Permission failures with WAL files in 13~ on Windows

From: Michael Paquier <michael(at)paquier(dot)xyz>
To: Postgres hackers <pgsql-hackers(at)lists(dot)postgresql(dot)org>
Subject: Permission failures with WAL files in 13~ on Windows
Date: 2021-03-16 07:20:37
Views: Raw Message | Whole Thread | Download mbox | Resend email
Lists: pgsql-hackers

Hi all,

There has been for the last couple of weeks a collection of reports
complaining that the renaming of WAL segments is broken:

These have happened on a variety of Windows versions, 2019 and 2012 R2
being mentioned when segments are recycled.

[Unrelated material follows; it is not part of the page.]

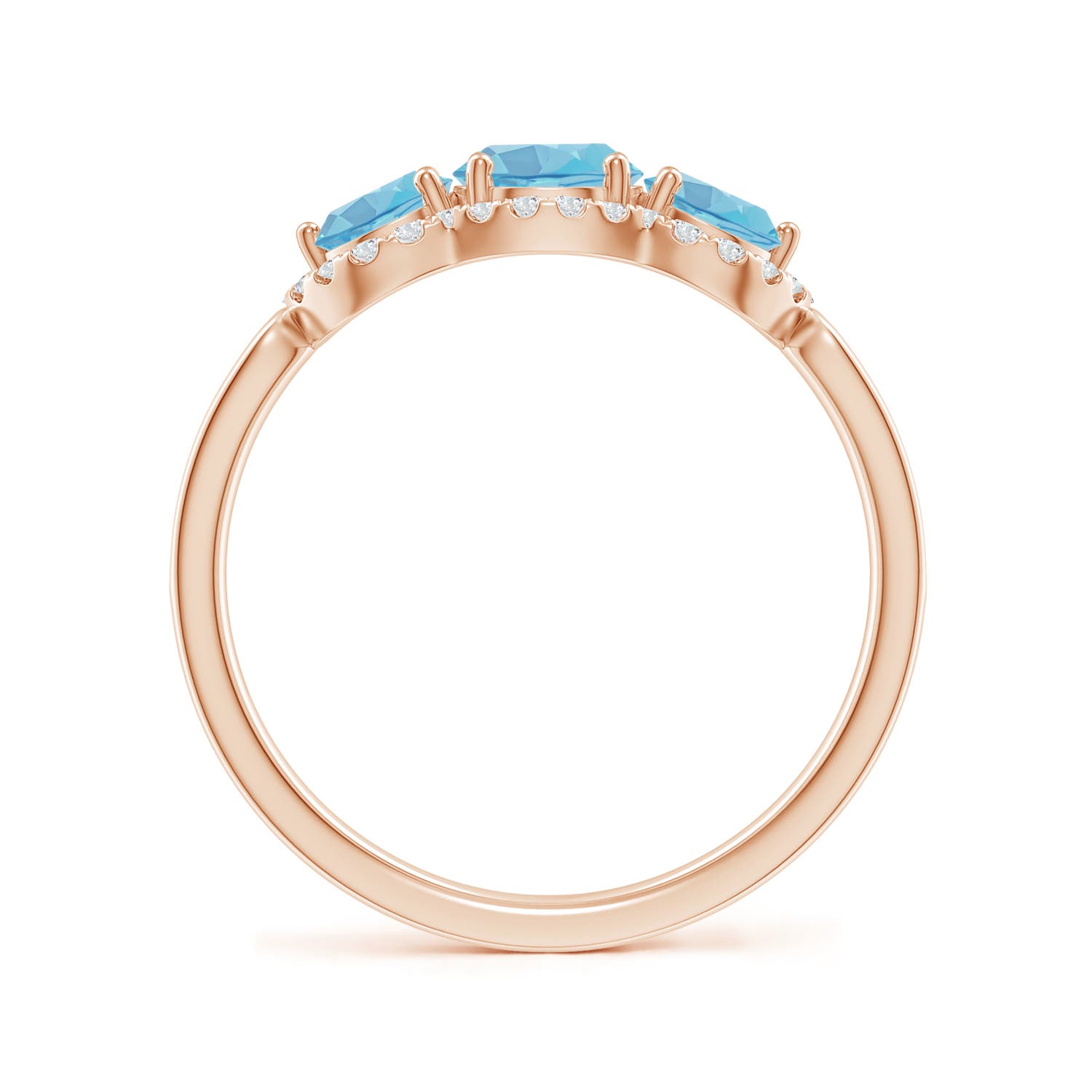 A - Swiss Blue Topaz / 1.49 CT / 14 KT Rose Gold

The number of those failures is alarming, and the information gathered
points at 13.1 and 13.2 as the culprits where those failures are
happening, so I'd like to believe that there is a regression in 13.
FWIW, I have also been doing some tests on my side, and while I as not
able to trigger the reported failure, I have been able to trigger the
same error with an archive_command doing a simple cp that failed
continuously on EACCES.

Fujii-san has mentioned that on twitter, but one area that has changed
during the v13 cycle is aaa3aed, where the code recycling segments has
been switched from a pgrename() (with a retry loop) to a
CreateHardLinkA()+pgunlink() (with a retry loop for the second). One
theory that I got in mind here is the case where we create the hard
link, but fail to finish do the pgunlink() on the xlogtemp.N file,
though after some testing it did not seem to have any impact.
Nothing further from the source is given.